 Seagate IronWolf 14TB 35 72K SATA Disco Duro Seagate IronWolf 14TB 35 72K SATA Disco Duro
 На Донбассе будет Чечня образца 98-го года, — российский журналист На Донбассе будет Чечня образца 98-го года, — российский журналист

--

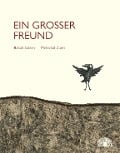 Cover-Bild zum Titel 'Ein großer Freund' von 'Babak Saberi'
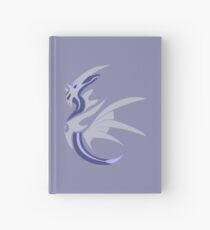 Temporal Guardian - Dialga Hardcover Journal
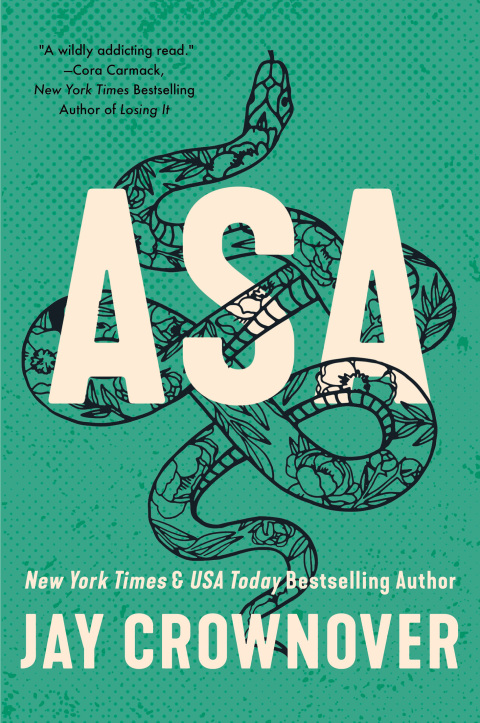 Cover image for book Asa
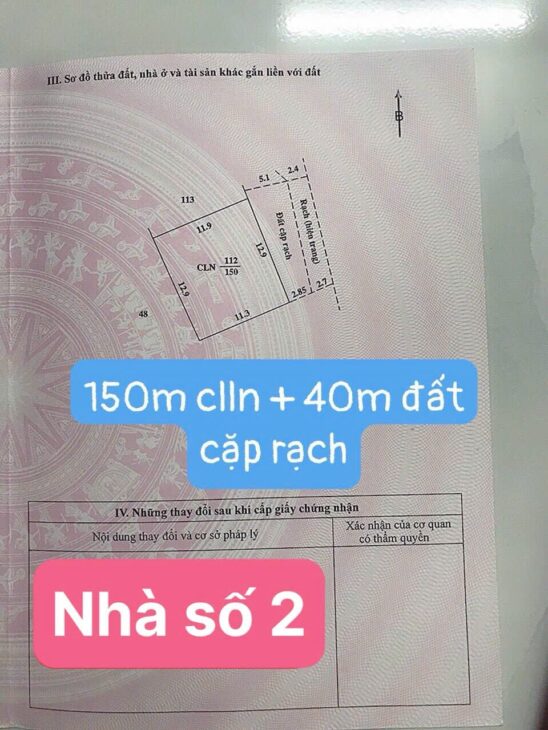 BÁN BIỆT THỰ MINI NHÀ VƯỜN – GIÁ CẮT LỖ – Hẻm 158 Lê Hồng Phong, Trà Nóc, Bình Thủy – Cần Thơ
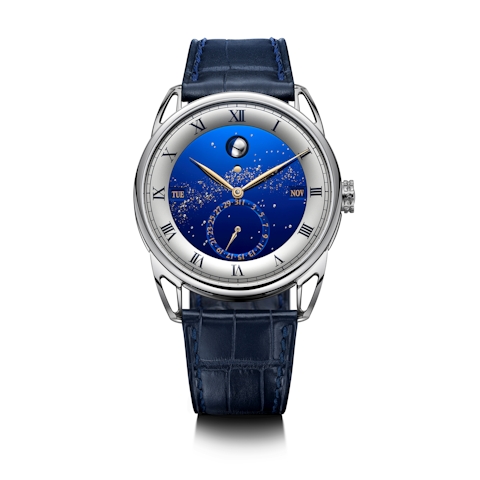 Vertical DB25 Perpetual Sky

[PROBLEM DESCRIPTION] Copy the lines above exactly, starting at the one with "Cover-Bild zum Titel" and ending at the one with "Vertical DB25 Perpetual Sky", both included. Leave out any pictures and add nothing else.

[REPLY TO THE EXERCISE]
 Cover-Bild zum Titel 'Ein großer Freund' von 'Babak Saberi'
 Temporal Guardian - Dialga Hardcover Journal
 Cover image for book Asa
 BÁN BIỆT THỰ MINI NHÀ VƯỜN – GIÁ CẮT LỖ – Hẻm 158 Lê Hồng Phong, Trà Nóc, Bình Thủy – Cần Thơ
 Vertical DB25 Perpetual Sky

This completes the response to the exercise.